Short descriptive text snippets:
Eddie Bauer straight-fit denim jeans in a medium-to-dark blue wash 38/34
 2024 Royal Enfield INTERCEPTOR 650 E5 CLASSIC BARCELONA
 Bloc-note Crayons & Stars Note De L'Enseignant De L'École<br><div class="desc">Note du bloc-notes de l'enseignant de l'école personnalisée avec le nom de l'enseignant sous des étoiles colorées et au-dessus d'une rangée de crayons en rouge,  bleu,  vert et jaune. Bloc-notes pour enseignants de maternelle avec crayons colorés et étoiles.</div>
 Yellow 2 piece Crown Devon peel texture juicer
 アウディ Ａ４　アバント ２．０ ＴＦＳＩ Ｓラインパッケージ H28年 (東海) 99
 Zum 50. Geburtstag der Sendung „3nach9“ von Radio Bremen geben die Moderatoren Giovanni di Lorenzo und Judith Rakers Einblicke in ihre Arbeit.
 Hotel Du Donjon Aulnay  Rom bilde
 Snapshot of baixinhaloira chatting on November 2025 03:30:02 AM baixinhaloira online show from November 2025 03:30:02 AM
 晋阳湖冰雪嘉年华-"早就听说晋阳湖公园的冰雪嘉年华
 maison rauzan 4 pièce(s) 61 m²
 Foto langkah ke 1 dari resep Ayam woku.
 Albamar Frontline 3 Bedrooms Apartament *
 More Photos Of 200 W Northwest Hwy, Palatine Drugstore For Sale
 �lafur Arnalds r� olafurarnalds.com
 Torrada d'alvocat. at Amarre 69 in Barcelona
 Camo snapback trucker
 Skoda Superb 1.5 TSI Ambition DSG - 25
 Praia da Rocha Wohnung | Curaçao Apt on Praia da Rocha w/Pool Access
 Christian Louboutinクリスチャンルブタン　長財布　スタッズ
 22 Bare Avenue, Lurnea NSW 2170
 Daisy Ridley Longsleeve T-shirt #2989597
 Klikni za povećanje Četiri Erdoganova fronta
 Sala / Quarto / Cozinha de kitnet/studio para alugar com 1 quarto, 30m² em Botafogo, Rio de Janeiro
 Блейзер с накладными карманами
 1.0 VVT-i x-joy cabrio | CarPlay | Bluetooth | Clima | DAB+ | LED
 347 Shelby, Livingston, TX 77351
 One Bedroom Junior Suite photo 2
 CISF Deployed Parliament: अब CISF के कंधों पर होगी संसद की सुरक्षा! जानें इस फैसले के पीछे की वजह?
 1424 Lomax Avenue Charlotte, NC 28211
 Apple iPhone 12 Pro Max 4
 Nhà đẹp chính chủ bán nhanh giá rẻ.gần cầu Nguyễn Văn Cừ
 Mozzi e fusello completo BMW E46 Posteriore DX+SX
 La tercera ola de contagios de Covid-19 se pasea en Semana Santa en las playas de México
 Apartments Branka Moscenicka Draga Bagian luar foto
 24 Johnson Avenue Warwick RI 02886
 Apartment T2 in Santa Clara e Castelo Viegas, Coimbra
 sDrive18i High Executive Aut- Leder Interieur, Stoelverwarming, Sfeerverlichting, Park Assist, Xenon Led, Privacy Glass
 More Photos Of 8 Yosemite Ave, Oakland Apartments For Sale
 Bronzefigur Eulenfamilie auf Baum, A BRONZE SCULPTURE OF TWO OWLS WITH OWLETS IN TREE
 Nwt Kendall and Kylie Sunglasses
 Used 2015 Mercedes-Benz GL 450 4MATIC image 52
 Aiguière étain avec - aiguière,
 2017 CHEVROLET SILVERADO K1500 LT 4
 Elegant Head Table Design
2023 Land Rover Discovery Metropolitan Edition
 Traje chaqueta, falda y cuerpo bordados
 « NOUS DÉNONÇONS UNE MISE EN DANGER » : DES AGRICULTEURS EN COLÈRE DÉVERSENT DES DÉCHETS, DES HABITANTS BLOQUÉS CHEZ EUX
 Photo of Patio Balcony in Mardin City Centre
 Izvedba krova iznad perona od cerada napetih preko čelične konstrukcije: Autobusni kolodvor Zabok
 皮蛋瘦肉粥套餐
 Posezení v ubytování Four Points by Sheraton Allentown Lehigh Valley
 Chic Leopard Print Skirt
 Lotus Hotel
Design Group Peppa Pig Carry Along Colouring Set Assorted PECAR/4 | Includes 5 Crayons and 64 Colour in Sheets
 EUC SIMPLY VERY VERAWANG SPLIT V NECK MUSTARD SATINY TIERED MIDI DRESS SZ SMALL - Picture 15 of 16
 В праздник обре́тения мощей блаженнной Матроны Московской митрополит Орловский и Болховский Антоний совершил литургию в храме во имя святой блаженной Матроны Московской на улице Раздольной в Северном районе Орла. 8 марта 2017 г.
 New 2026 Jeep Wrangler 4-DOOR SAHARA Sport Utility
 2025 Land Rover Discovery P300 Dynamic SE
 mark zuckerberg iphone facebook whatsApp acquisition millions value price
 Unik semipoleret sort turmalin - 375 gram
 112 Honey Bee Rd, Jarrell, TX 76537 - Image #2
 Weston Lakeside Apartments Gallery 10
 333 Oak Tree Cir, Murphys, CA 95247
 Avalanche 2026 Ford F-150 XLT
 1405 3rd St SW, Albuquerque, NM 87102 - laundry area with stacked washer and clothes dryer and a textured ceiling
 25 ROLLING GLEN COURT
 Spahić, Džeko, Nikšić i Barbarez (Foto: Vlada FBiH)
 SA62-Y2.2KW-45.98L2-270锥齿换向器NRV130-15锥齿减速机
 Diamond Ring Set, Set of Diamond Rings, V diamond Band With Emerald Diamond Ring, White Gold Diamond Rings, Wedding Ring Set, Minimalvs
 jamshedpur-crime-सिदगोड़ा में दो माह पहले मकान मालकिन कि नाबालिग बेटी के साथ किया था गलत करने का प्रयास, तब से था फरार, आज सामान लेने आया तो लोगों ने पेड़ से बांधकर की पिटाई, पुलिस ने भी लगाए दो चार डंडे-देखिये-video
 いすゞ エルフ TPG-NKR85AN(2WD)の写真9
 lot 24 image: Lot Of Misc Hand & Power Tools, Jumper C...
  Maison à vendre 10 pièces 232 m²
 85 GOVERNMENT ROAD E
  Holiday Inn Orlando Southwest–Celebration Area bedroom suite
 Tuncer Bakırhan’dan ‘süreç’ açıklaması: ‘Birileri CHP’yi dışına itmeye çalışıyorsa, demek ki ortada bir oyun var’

▶ Problem description:
Print exactly the lines above, between the one holding "24 Johnson Avenue Warwick RI 02886" and the one holding "2017 CHEVROLET SILVERADO K1500 LT 4", inclusive, and nothing besides.

▶ Answer to this task:
 24 Johnson Avenue Warwick RI 02886
 Apartment T2 in Santa Clara e Castelo Viegas, Coimbra
 sDrive18i High Executive Aut- Leder Interieur, Stoelverwarming, Sfeerverlichting, Park Assist, Xenon Led, Privacy Glass
 More Photos Of 8 Yosemite Ave, Oakland Apartments For Sale
 Bronzefigur Eulenfamilie auf Baum, A BRONZE SCULPTURE OF TWO OWLS WITH OWLETS IN TREE
 Nwt Kendall and Kylie Sunglasses
 Used 2015 Mercedes-Benz GL 450 4MATIC image 52
 Aiguière étain avec - aiguière,
 2017 CHEVROLET SILVERADO K1500 LT 4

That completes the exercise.